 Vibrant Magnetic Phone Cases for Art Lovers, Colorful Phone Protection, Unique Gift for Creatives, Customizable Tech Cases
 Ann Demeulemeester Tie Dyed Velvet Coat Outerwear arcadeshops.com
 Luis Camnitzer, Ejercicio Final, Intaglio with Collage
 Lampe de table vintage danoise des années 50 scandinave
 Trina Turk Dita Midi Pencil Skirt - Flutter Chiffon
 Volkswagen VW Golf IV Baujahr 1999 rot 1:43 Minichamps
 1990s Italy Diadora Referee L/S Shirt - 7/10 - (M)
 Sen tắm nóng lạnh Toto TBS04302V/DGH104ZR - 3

************

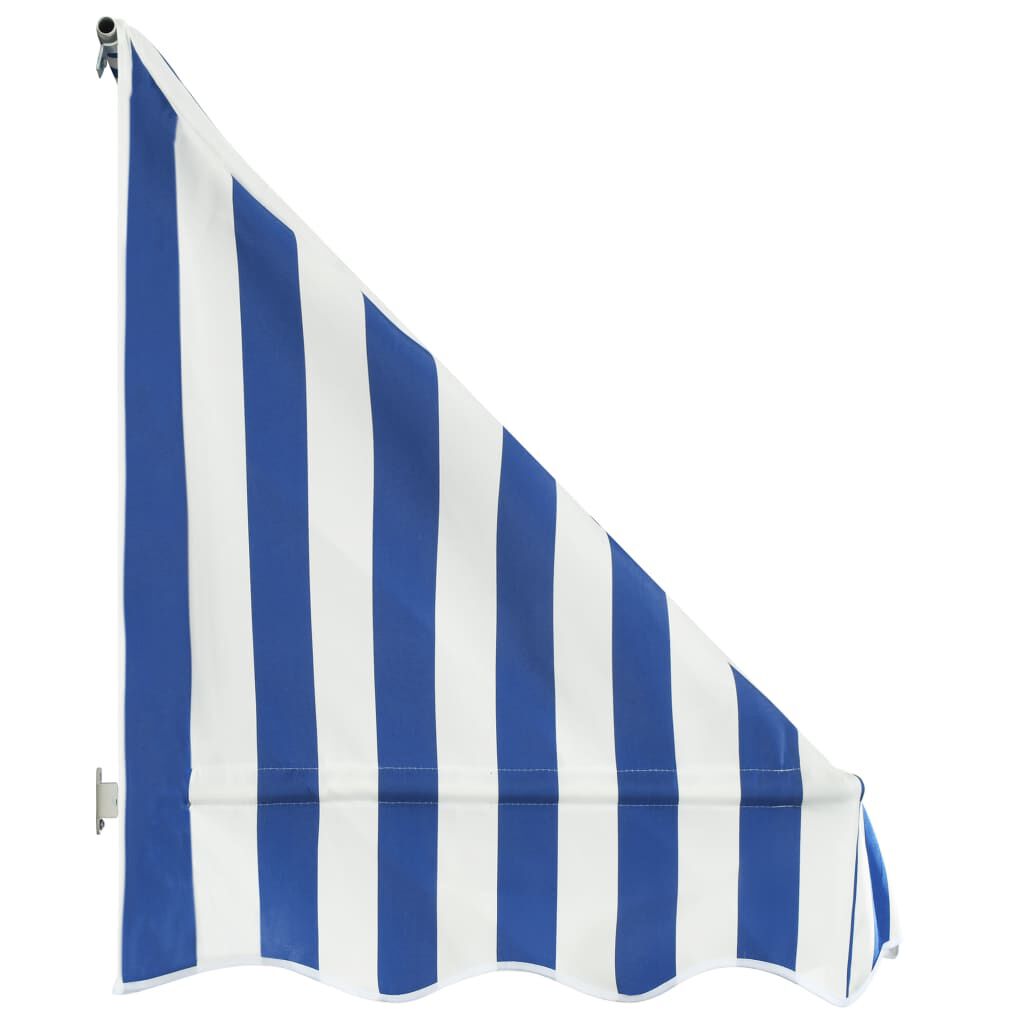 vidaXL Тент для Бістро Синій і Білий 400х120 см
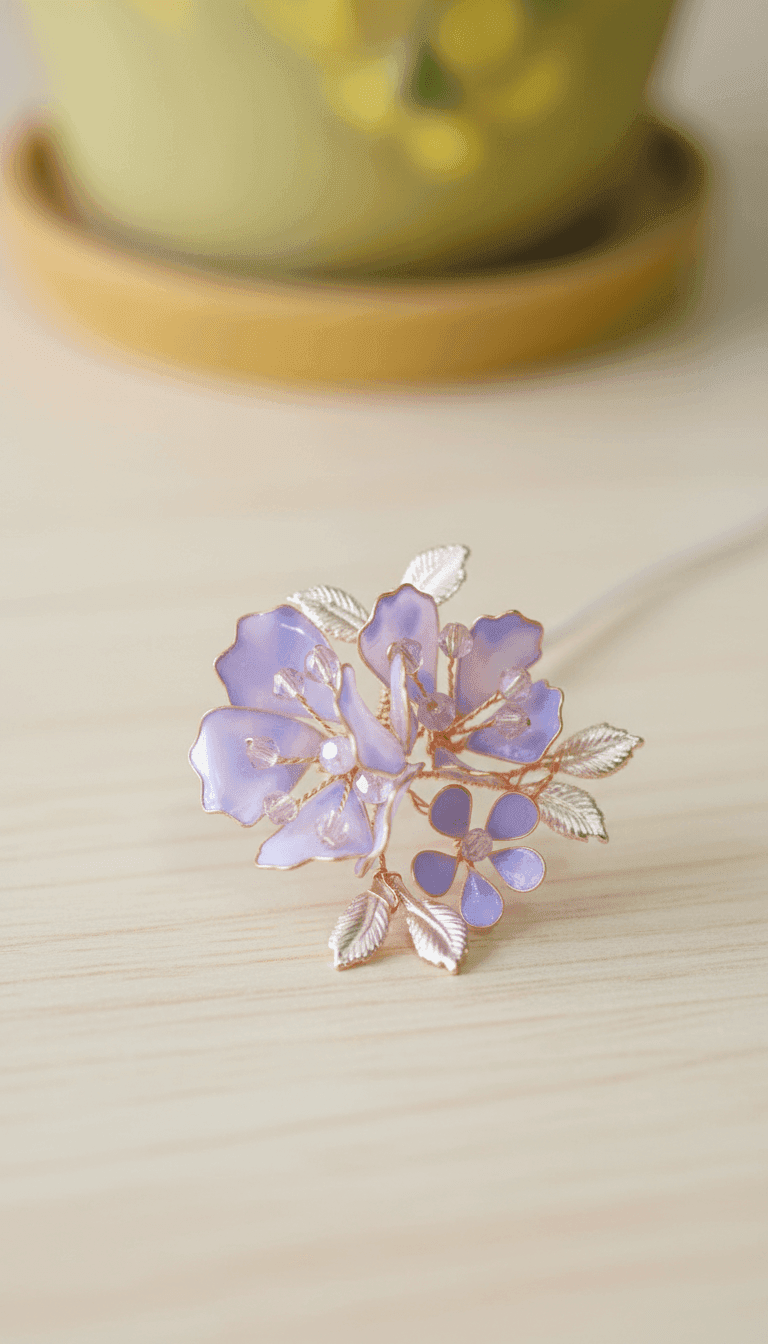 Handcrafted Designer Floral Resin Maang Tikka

************

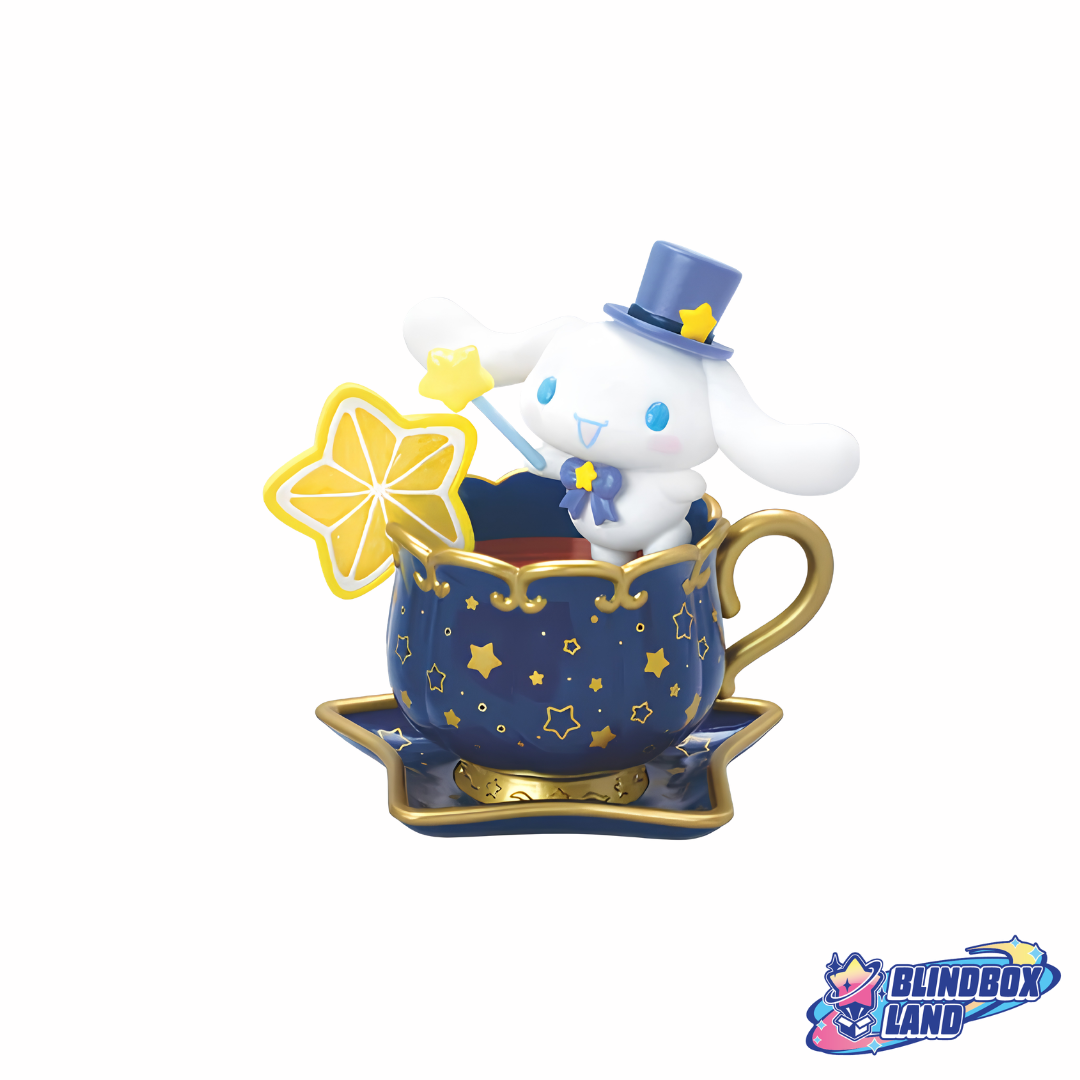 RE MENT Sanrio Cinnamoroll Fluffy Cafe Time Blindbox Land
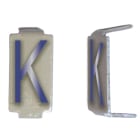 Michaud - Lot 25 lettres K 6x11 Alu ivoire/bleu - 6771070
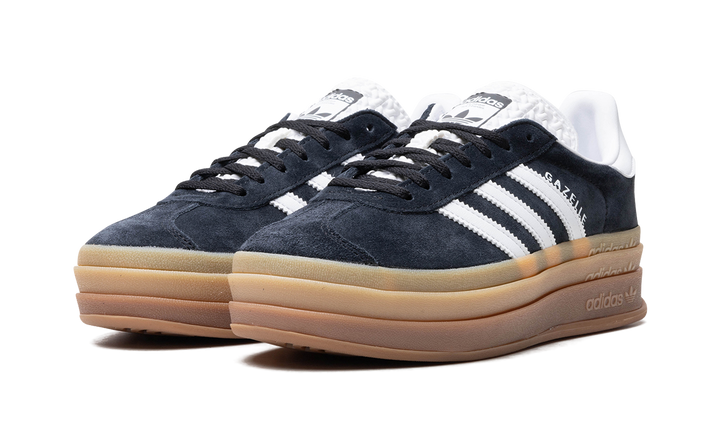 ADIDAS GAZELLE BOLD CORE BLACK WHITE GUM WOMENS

************

In the data above, start at the line that has "Lampe de table", stop after the line that has "Sen tắm nóng", and print every line in between exactly as it stands.

 Lampe de table vintage danoise des années 50 scandinave
 Trina Turk Dita Midi Pencil Skirt - Flutter Chiffon
 Volkswagen VW Golf IV Baujahr 1999 rot 1:43 Minichamps
 1990s Italy Diadora Referee L/S Shirt - 7/10 - (M)
 Sen tắm nóng lạnh Toto TBS04302V/DGH104ZR - 3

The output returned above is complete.